## MATERIAL FOR THIS TASK
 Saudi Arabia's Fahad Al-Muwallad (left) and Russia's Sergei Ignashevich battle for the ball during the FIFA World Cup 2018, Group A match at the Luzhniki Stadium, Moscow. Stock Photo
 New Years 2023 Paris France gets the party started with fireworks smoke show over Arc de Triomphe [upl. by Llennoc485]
---
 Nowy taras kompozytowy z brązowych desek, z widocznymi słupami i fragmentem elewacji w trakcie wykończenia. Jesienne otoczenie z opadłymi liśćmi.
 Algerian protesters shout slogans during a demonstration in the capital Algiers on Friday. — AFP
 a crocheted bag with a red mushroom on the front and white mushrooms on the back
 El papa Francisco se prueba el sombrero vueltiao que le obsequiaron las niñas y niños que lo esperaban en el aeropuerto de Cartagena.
* * *
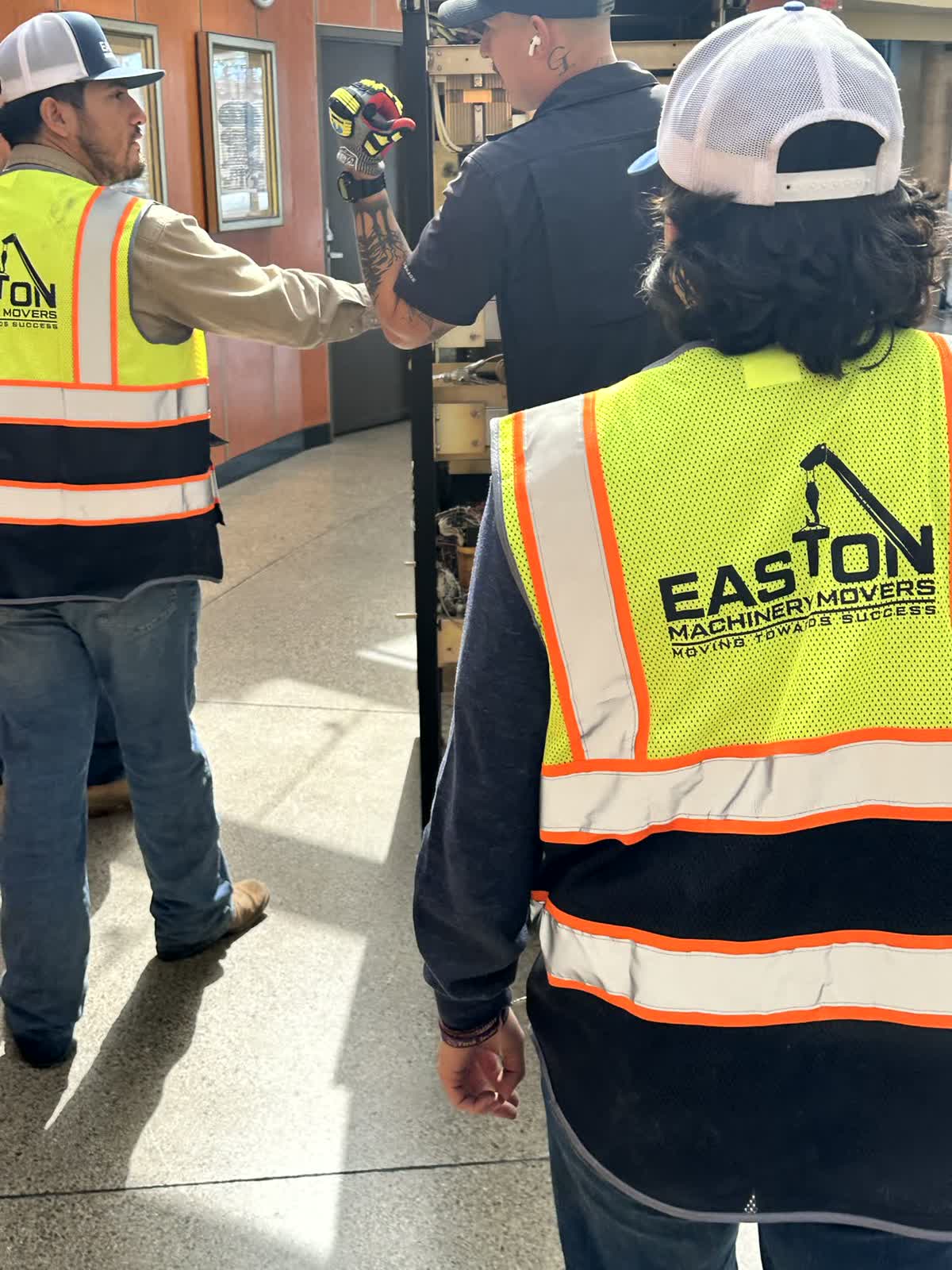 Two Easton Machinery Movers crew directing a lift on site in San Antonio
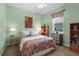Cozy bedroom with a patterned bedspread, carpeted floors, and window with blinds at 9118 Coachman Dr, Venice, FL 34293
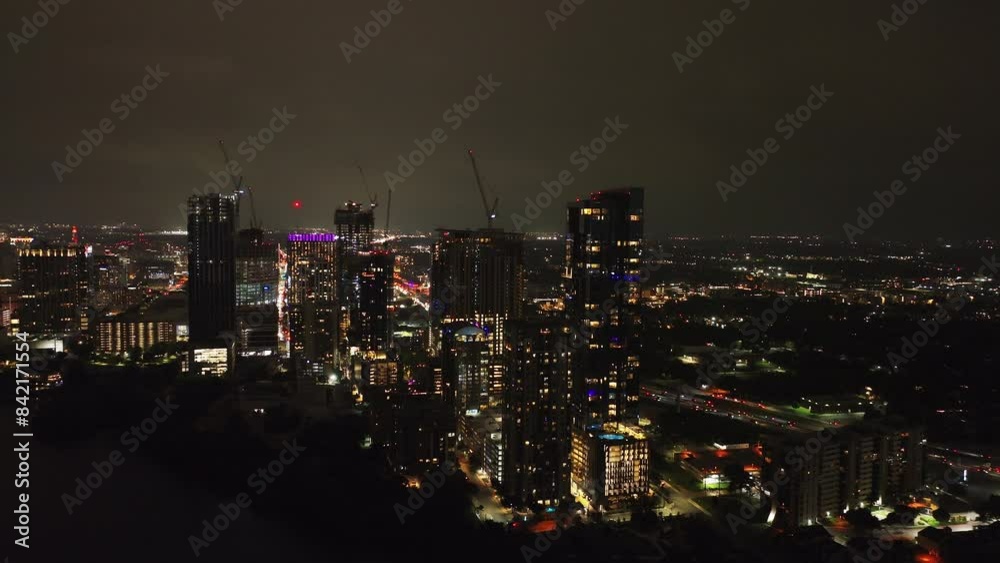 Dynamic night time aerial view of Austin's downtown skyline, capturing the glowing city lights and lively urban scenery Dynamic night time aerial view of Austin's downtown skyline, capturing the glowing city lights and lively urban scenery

## WHAT YOU ARE ASKED TO DO
Given the records above, return the lines starting at the one that holds "Two Easton Machinery" and ending at the one that holds "urban scenery Dynamic", exactly, and nothing besides; leave every picture out.

## TASK ANSWER
 Two Easton Machinery Movers crew directing a lift on site in San Antonio
Cozy bedroom with a patterned bedspread, carpeted floors, and window with blinds at 9118 Coachman Dr, Venice, FL 34293
 Dynamic night time aerial view of Austin's downtown skyline, capturing the glowing city lights and lively urban scenery Dynamic night time aerial view of Austin's downtown skyline, capturing the glowing city lights and lively urban scenery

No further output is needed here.